Park and Tilford Distilleries first opened in the spring of 1957, and its operations and storage facilities sprawled over 24 acres, half a mile west of the Second Narrows bridge on Cotton Road (now known as Main St.). Renowned for its liquor, the distillery began constructing a 3-acre botanic garden in 1967 as a promotional tool. The distillery eventually gifted the gardens to the North Vancouver community. Boasting aviaries, waterfalls, rare tropical plants, and a gift shop in 1970, the gardens were hugely popular for weddings and special events.
The distillery closed in 1984–I remember growing up with the smell of distilling spirits and brewing beer wafting on the spring breeze in my neighborhood–and the site was rezoned for commercial use. In 1980, the famous flower garden was demolished and redeveloped to its present 1.5acres.

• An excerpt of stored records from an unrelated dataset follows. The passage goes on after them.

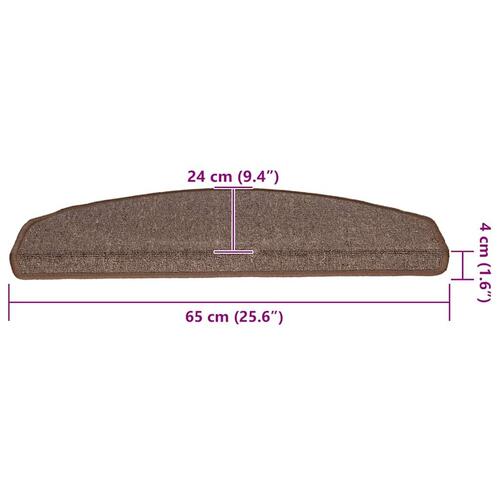 Trappemåtter 20 stk. 65x24x4 cm mørkebrun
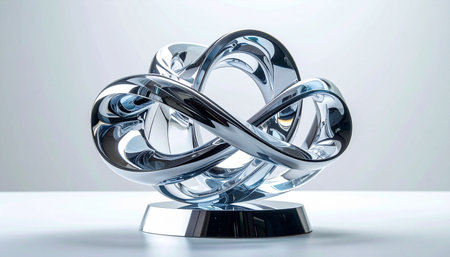 An elegant, abstract glass sculpture with intertwined loops forming an infinity symbol, presented as a prestigious award. Set against a clean white background, it symbolizes endless achievement, innovation, and corporate excellence.の素材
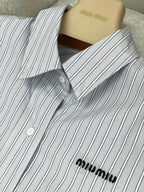 Miumiu 2026 Striped Blouson Jacket Blue-grey Cotton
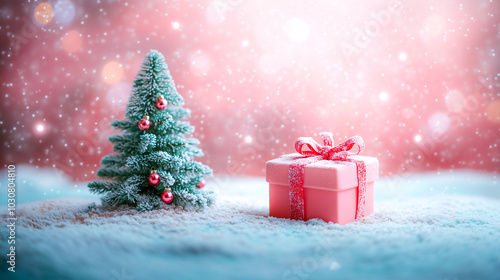 Christmas background , Christmas tree with gift box in pastel color with bokeh and flare light effect .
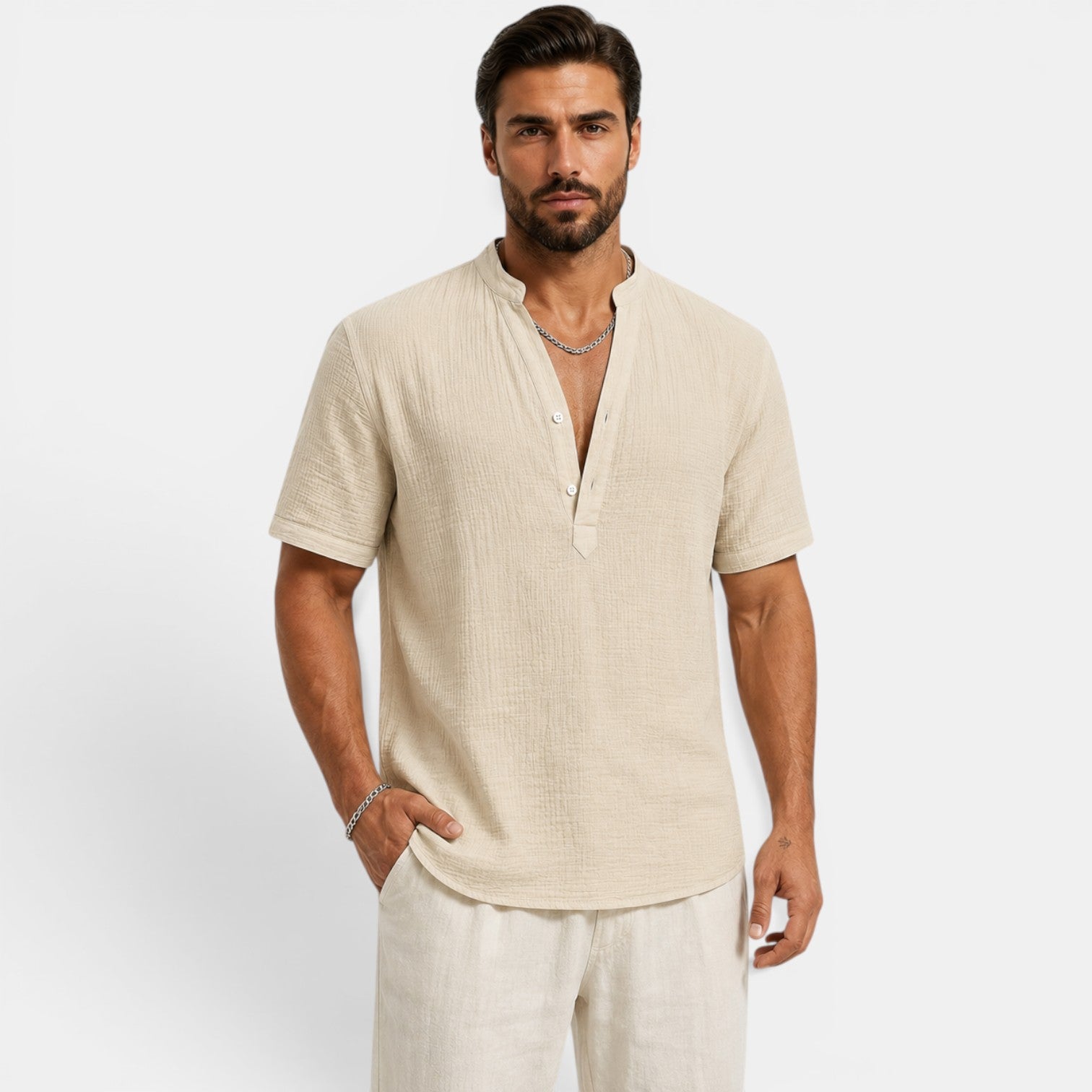 Monvaline | Men’s Lightweight Summer Shirt – Textured Stand Collar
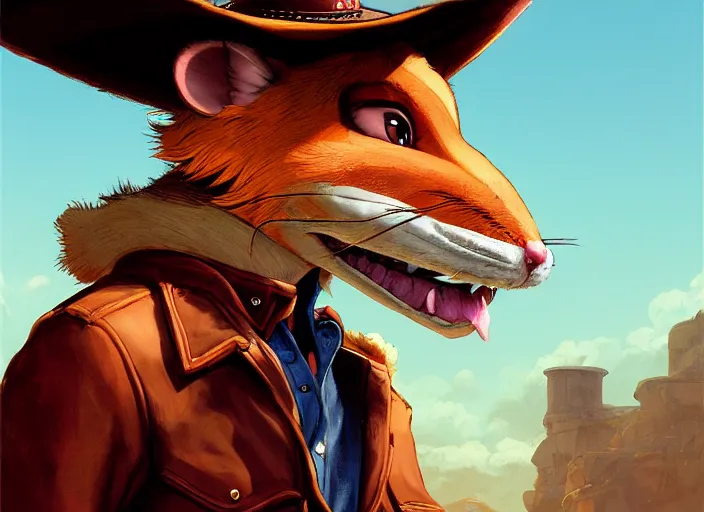 Prompt: character portrait feature of the anthro male anthropomorphic rat fursona wearing cowboy outfit wild west desperado sitting in an old monte carlo, a man whose heart is hollow, character design stylized by charlie bowater, ross tran, artgerm, makoto shinkai, detailed, soft lighting, rendered in octane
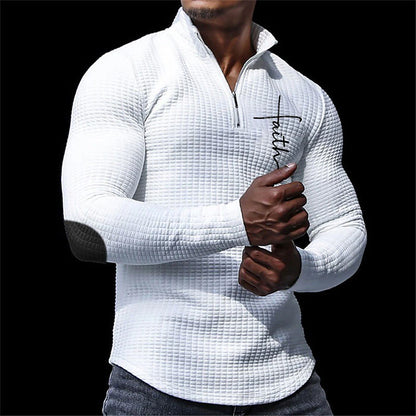 3D Waffle Men's Polo Shirt with Zip Detail - Black & White Streetwear Polo for Fall & Winter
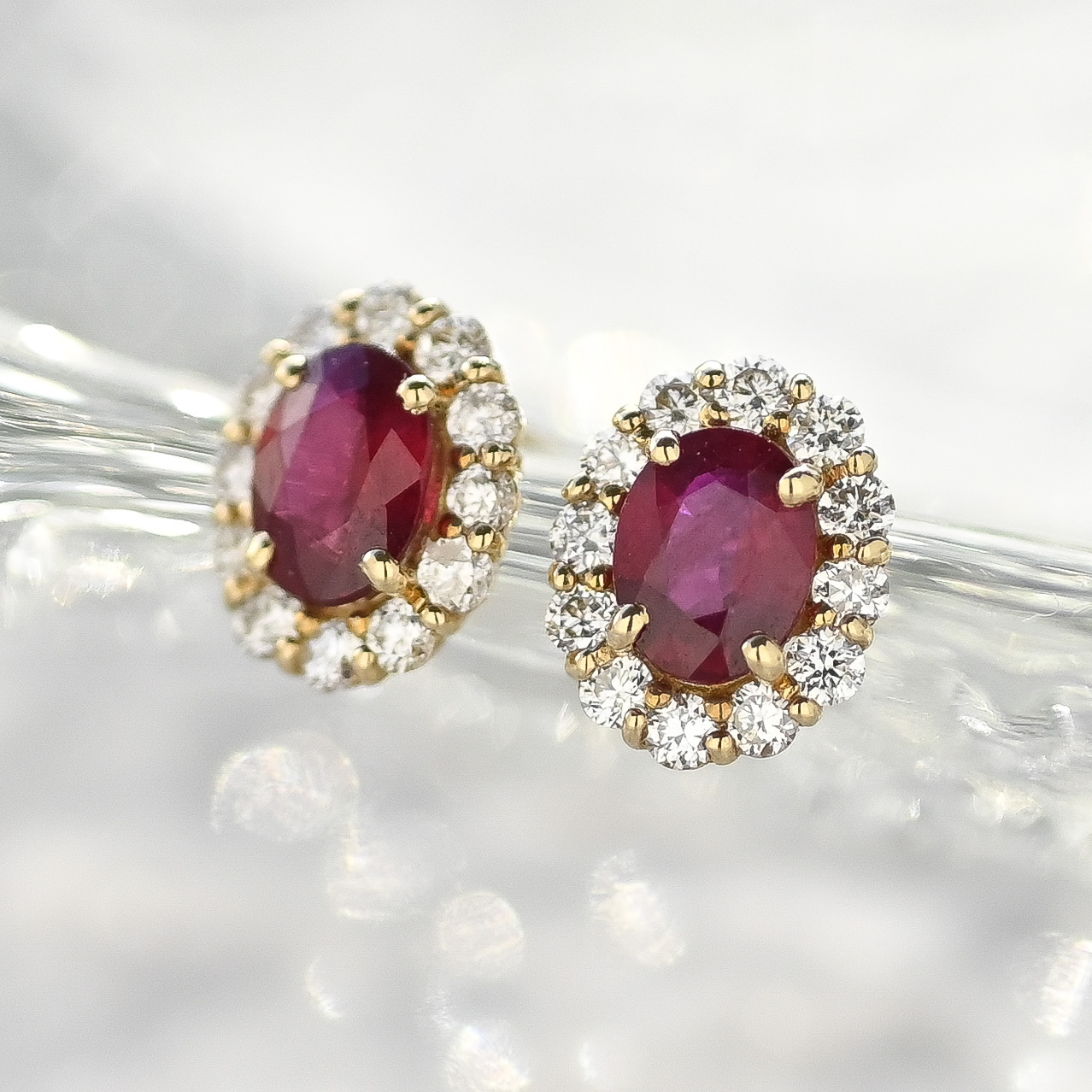 18K 0.41ct Ruby & Diamond Earring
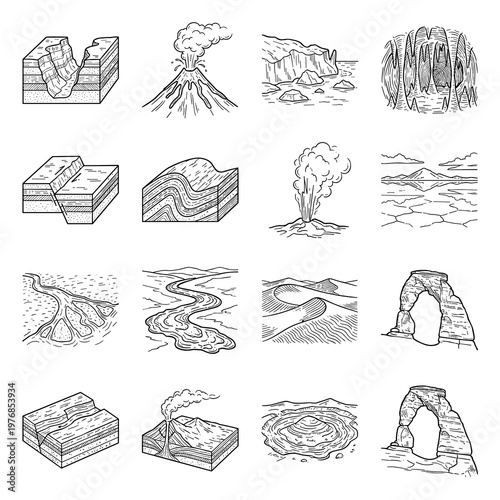 Geology and landscape collection: black line art of volcano, canyon, glacier, cave, and geyser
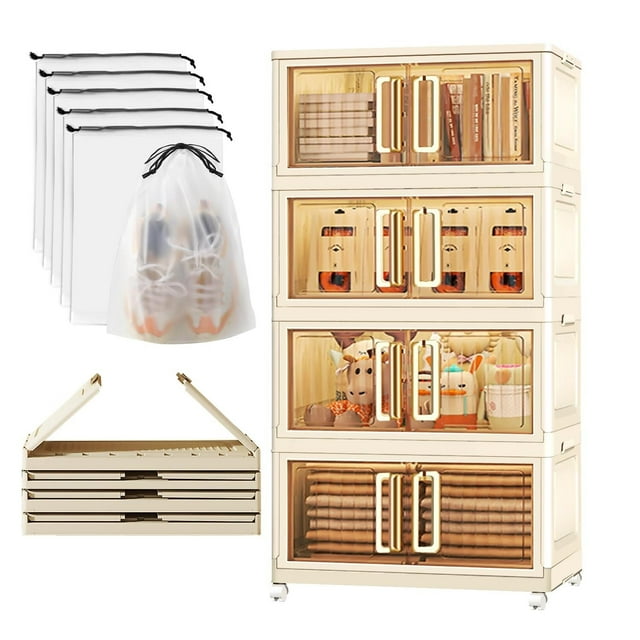 Cajas de Almacenamiento Plegable de 4 Capas con 6 Bolsas de Almacenamiento, plástico plegable con Ruedas Silenciosas y Manijas, Adecuada para Dormitorio, Cocina, Baño(40×28×86 cm)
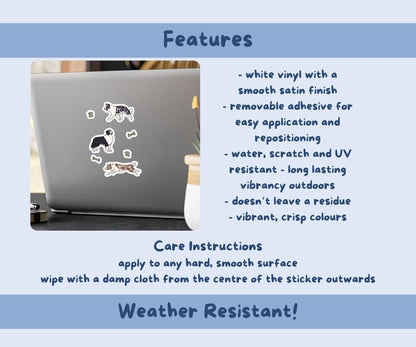 Border Collie Sticker Sheet | Mixed Border Collie Kiss-Cut Stickers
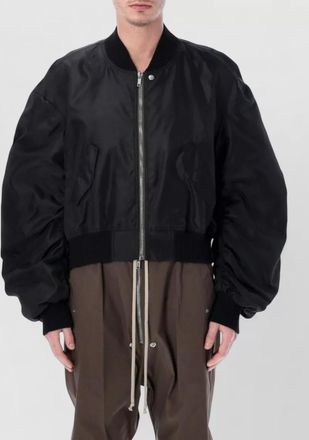 Rick Owens cropped flight jacket ruched sleeves design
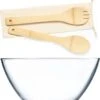 Merkloos Slakom/Serveerschaal En Bamboe Slacouvert - Glas - D28 Cm -Home-Keuken 1055x1200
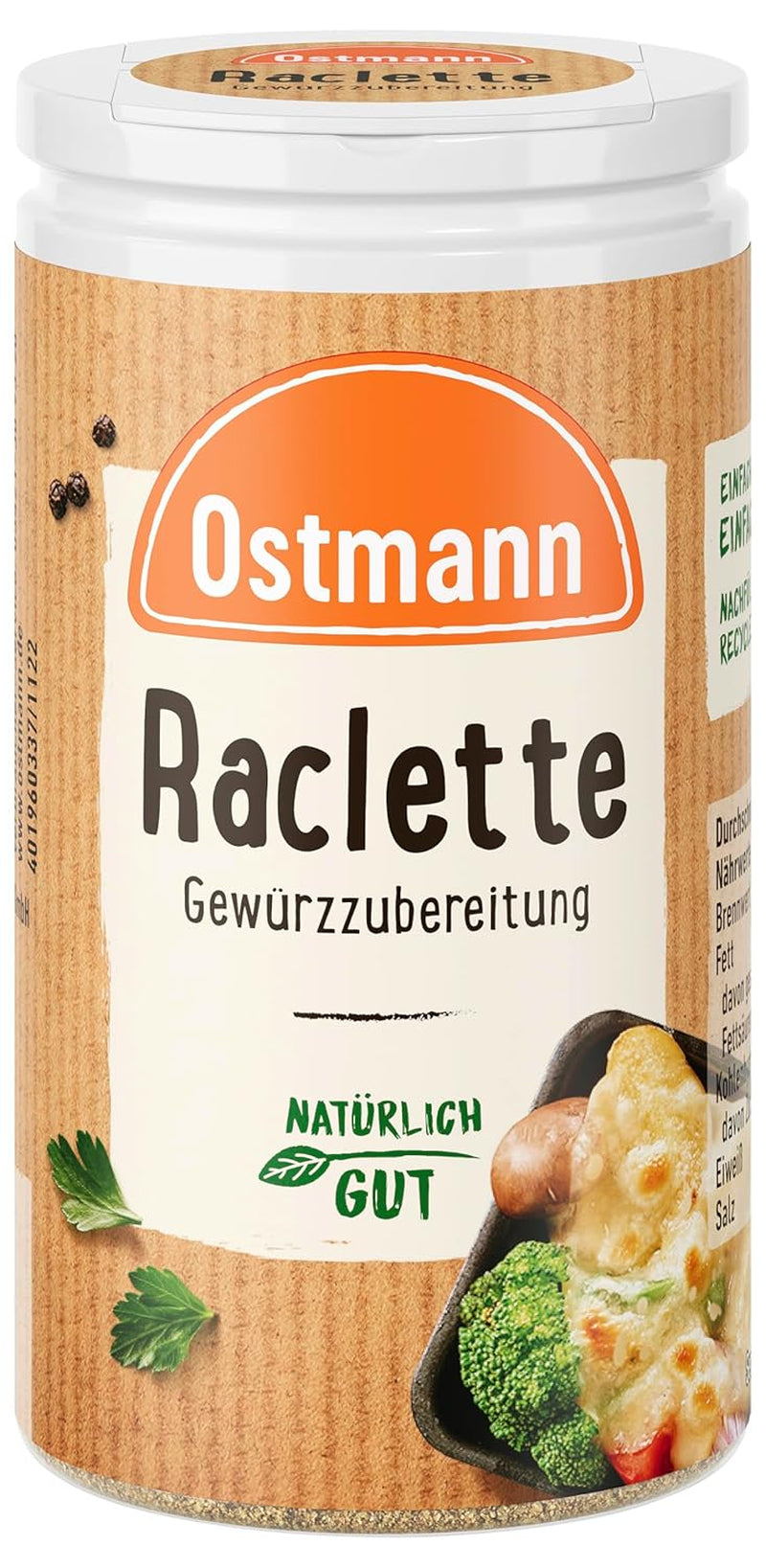 Ostmann Gewürze - Raclette Gewürzzubereitung | Zum Würzen von Käsegerichten | Recyclebare, nachfüllbare Streudose | 45 g ve Streueru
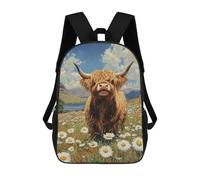 sinyumoney Scottish Highland Cow Painting-1 Kids Backpack,School Backpack Kids School Bag 3D Printed Cartoon Large Capacity Backpack for Kids Boys And Girls 17inch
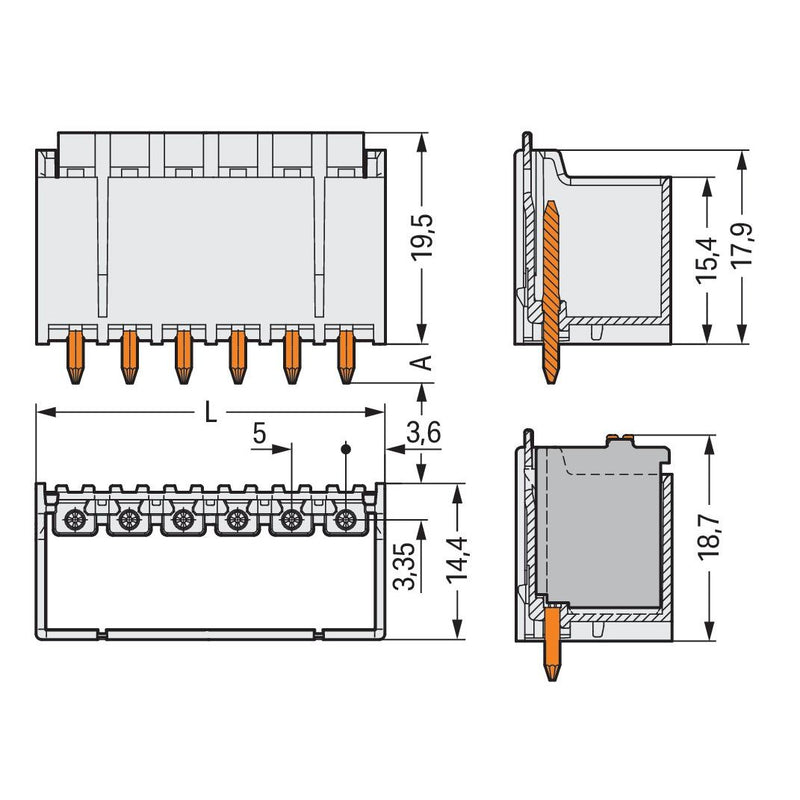 WAGO - Leiterplattensteckverbinder THT-Stiftleiste Lötstift 2092-1412 1,4mm,gerade,lgr − 100 Stück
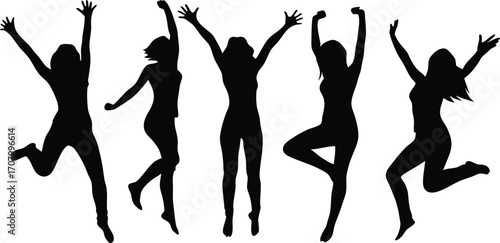 Ballet Dancer Silhouette Collection Vector Illustration,Black and white vector silhouette of couple dancing,set of men and women street dancers in silhouette, Set of black solid people dancing,Ai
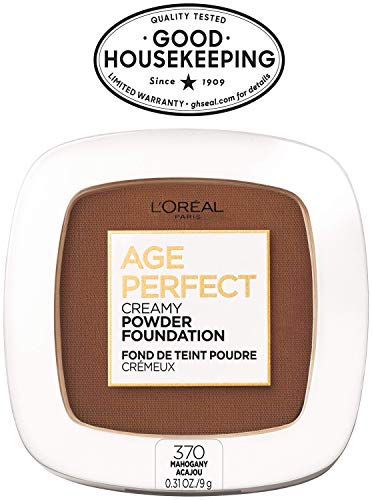 L'Oreal Paris Age Perfect Creamy Powder Foundation Compact, 370 Mahogany, 0.31 Ounce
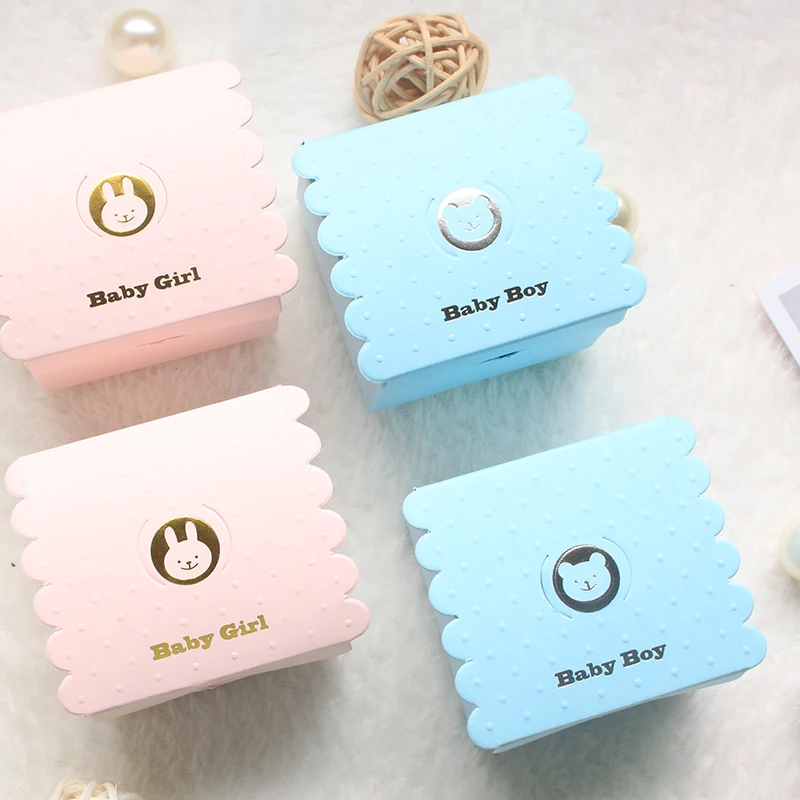 supplies small gift box packaging boy & girl baby shower paper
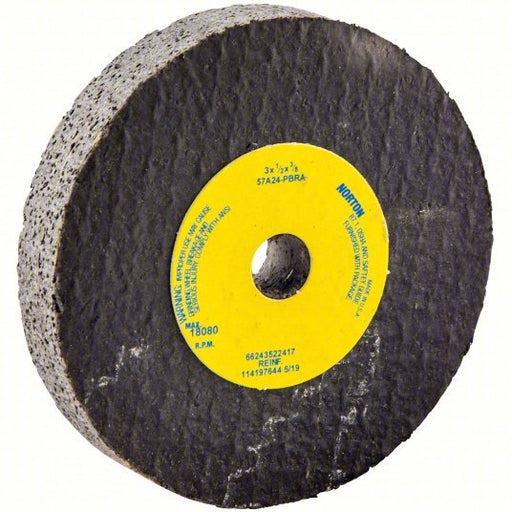 Norton 66243522417 Straight Grinding Wheel Type 1, 3" x 1/2" x 3/8", 57A24 - PBRA - KVM Tools Inc.KV3UP16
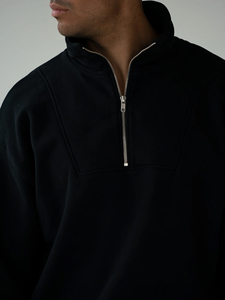 Sweat-shirt en molleton noir pour homme, col montant, coupe ample, pull d'hiver, broderie 3D, 100% coton - Product Image 4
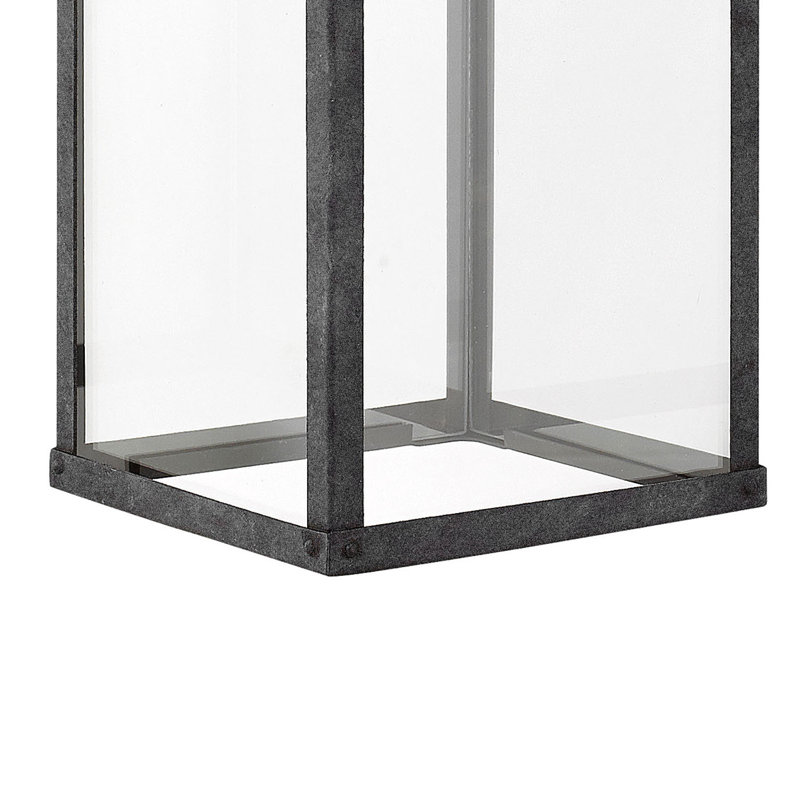 Porter Outdoor Wall Lantern By Lisa McDennon, Aged Zinc, 18.5" H x 6" W x 7.5" D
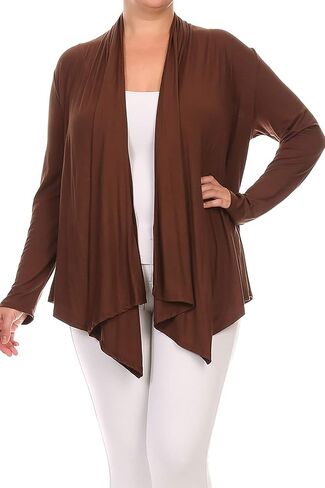 Women's Plus Size Long Sleeves Loose Fit Waist Length Solid Cardigan Made in USA XL-3XL in Saudi Arabia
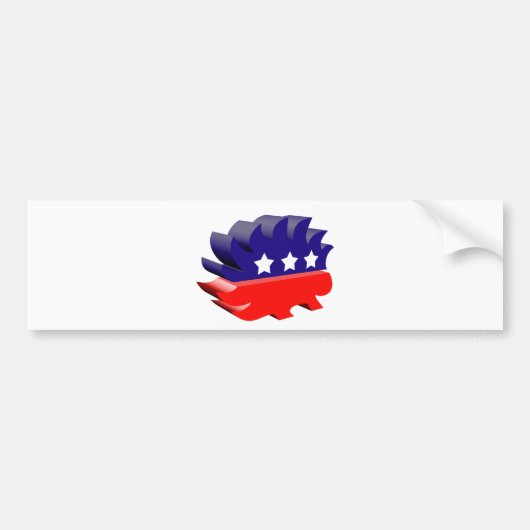 Libertarian porcupine 3D Bumpersticker (Voorkant)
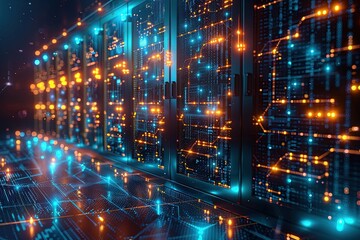 Obraz premium A modern data center illuminated with vibrant blue and orange lights, representing cutting-edge technology, digital connectivity, and advanced computing.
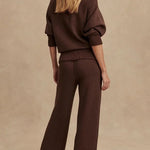 Meet The Autumn Ribbed Zipper Neck Sweatshirt and Elastic Waist Pocketed Loose Pants Set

Grabbing a cup of steaming hot chocolate from one of the nearby cafes and wandering the Hi-Light Festival display is a popular annual tradition for locals, but beware opening night: the free hot chocolate & live entertainment make the handkerchief-sized gardens insanely busy, with shuffle-room only along every pathway and bridge.
Free visits with Santa occur on certain days before Christmas (check the link above for dates). Combined with a visit to the free Lynn Canyon Suspension Bridge,the Hi-Light Festival a nice little evening stop for tourists who want a day’s outing where their pocket isn’t getting gouged by entrance fees.